### [Task directions]
Extract every line from the records below that contains the word "Women".

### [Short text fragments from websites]

<<<<

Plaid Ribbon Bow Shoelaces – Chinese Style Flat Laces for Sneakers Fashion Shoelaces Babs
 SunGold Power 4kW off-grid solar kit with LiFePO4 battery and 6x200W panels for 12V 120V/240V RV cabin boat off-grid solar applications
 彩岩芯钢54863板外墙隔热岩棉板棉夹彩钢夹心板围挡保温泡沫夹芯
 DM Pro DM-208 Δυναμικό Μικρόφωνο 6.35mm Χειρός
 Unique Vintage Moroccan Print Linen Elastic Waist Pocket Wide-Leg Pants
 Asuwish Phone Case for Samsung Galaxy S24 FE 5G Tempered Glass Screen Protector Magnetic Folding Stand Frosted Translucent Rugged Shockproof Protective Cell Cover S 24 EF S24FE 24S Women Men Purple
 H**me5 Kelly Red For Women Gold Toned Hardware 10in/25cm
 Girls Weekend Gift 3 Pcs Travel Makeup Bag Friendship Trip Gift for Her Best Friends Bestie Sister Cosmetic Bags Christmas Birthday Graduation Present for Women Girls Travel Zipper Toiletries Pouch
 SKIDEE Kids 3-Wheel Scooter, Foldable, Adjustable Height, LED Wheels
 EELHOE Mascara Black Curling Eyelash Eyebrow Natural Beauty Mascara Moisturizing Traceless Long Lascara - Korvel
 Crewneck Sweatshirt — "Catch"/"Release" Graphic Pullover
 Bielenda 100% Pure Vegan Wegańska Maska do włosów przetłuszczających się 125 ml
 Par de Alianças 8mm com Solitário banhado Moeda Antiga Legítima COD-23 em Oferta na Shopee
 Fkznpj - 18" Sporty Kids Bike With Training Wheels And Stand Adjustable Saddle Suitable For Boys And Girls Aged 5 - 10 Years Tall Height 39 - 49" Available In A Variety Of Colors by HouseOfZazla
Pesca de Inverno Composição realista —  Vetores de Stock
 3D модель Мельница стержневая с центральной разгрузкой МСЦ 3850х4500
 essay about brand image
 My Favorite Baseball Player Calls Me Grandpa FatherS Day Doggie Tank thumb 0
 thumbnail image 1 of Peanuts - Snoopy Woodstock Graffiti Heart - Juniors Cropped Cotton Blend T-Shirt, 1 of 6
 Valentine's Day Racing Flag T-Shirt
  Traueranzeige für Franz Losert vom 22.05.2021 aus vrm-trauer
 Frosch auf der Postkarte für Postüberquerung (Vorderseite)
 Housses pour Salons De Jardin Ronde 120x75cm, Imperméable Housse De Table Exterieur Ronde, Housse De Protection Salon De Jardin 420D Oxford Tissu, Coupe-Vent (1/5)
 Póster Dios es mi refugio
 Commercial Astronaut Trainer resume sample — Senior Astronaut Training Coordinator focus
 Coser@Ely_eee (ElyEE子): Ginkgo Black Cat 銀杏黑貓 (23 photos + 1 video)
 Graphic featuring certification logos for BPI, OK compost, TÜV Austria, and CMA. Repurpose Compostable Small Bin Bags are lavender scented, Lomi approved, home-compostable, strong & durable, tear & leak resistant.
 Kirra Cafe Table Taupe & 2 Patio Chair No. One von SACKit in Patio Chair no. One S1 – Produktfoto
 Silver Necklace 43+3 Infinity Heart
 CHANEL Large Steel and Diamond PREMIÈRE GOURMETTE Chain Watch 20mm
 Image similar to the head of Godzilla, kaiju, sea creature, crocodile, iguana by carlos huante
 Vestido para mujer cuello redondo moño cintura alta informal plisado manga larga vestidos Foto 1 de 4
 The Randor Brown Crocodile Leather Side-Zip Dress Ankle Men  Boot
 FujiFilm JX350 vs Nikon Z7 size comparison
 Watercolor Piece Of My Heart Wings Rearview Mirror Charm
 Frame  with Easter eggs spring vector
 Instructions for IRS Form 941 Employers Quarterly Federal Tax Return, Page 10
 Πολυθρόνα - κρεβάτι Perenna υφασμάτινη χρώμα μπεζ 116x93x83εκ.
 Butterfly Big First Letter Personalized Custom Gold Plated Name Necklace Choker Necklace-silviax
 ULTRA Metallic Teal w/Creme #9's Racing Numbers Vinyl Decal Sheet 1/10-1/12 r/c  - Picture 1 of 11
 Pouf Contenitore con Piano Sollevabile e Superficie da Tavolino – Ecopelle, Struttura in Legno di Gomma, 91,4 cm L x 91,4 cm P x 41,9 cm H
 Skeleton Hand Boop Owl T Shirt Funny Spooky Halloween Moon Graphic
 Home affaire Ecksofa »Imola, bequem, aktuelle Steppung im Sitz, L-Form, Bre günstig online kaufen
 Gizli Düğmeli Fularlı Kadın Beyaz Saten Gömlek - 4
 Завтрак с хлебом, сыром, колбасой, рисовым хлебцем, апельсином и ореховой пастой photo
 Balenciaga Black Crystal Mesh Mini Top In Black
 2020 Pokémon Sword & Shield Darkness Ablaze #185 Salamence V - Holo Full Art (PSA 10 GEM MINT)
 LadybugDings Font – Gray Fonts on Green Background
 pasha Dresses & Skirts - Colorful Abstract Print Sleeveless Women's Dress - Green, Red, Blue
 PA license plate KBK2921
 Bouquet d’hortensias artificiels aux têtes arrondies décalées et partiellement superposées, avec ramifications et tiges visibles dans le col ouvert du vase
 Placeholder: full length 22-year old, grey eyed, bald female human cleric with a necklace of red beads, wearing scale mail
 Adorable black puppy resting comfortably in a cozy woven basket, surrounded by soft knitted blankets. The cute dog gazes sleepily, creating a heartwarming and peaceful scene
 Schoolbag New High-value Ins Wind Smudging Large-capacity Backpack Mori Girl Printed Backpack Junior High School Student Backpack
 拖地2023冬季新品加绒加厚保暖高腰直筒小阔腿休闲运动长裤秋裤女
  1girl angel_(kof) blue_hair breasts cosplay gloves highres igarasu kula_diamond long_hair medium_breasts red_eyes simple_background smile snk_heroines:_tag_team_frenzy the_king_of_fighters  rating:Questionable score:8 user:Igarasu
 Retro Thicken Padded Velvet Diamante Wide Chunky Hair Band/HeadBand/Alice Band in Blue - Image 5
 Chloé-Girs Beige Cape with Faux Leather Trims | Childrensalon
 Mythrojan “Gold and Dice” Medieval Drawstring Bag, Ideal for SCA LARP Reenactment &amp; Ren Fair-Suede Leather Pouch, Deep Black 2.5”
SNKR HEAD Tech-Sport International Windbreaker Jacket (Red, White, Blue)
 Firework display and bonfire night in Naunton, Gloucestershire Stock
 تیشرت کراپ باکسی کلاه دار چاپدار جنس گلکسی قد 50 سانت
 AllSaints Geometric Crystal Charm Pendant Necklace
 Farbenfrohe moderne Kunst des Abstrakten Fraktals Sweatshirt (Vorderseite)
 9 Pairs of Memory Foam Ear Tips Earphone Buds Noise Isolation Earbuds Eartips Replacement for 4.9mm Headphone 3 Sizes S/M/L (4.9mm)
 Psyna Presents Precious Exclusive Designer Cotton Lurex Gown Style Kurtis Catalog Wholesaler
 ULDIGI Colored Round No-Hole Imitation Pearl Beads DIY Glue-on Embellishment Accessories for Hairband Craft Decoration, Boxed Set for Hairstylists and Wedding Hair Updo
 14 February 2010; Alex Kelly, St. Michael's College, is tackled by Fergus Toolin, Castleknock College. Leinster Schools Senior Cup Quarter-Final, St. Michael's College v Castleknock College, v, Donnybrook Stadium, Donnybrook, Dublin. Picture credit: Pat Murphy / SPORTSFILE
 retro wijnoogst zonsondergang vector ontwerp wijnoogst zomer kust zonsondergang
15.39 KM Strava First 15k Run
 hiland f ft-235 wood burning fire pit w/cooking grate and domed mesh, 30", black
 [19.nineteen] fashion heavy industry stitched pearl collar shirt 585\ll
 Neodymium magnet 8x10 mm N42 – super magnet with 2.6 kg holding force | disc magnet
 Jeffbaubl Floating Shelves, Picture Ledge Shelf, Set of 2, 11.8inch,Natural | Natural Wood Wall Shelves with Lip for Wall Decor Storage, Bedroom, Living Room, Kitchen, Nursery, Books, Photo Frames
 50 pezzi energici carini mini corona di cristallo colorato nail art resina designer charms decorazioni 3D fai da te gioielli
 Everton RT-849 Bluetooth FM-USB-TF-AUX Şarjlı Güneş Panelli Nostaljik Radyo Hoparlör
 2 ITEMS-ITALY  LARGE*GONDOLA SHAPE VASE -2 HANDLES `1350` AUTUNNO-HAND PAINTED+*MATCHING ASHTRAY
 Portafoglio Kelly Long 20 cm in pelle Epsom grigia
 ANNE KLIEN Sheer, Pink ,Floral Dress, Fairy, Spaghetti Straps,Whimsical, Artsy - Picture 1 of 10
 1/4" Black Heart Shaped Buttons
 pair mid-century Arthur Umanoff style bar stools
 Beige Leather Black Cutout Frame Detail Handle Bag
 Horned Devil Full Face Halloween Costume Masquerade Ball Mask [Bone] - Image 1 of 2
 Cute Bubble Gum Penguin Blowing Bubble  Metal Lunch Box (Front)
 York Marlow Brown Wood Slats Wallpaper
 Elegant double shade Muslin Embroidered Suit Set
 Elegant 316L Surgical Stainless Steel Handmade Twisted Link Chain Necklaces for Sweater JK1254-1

>>>>

### [Answer for the task]
 Asuwish Phone Case for Samsung Galaxy S24 FE 5G Tempered Glass Screen Protector Magnetic Folding Stand Frosted Translucent Rugged Shockproof Protective Cell Cover S 24 EF S24FE 24S Women Men Purple
 H**me5 Kelly Red For Women Gold Toned Hardware 10in/25cm
 Girls Weekend Gift 3 Pcs Travel Makeup Bag Friendship Trip Gift for Her Best Friends Bestie Sister Cosmetic Bags Christmas Birthday Graduation Present for Women Girls Travel Zipper Toiletries Pouch
 pasha Dresses & Skirts - Colorful Abstract Print Sleeveless Women's Dress - Green, Red, Blue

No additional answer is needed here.